Give the number of lines in the records below that hold "Villa"; nothing else is needed.

** Opening Dataset entries block **

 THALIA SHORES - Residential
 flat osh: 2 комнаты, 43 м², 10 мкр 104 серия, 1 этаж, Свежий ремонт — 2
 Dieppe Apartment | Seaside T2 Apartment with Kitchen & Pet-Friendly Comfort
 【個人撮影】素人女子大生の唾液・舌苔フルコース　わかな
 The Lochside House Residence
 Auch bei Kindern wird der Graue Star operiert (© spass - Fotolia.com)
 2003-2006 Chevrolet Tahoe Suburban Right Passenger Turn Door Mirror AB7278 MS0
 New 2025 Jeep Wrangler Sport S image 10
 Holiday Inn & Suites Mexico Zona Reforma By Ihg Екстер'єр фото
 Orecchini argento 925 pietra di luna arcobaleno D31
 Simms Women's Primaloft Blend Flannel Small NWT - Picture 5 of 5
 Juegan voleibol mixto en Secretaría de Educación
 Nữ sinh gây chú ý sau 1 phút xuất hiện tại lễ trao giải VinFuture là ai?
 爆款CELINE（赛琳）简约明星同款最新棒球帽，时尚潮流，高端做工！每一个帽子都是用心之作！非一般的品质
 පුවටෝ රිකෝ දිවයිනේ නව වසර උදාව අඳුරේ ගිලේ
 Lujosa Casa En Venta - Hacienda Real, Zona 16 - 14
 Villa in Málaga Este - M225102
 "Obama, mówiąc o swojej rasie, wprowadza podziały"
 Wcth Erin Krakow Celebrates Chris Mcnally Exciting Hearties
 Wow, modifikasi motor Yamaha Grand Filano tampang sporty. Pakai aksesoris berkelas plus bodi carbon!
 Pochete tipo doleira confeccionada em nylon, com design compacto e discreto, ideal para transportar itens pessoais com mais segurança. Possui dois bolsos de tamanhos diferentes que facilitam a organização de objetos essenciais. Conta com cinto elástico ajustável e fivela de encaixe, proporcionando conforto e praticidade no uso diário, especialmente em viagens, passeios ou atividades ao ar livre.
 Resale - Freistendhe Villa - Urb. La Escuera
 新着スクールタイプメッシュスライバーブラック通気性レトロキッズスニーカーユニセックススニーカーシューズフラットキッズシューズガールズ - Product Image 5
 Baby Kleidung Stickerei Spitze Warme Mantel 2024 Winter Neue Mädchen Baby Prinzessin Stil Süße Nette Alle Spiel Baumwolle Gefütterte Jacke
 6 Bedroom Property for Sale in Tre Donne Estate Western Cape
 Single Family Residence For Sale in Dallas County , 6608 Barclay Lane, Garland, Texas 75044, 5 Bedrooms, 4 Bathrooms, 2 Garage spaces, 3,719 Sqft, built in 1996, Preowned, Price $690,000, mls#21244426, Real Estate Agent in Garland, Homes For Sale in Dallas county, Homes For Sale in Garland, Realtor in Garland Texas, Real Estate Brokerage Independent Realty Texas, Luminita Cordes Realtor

** Closing Dataset entries block **

## Worked solution
2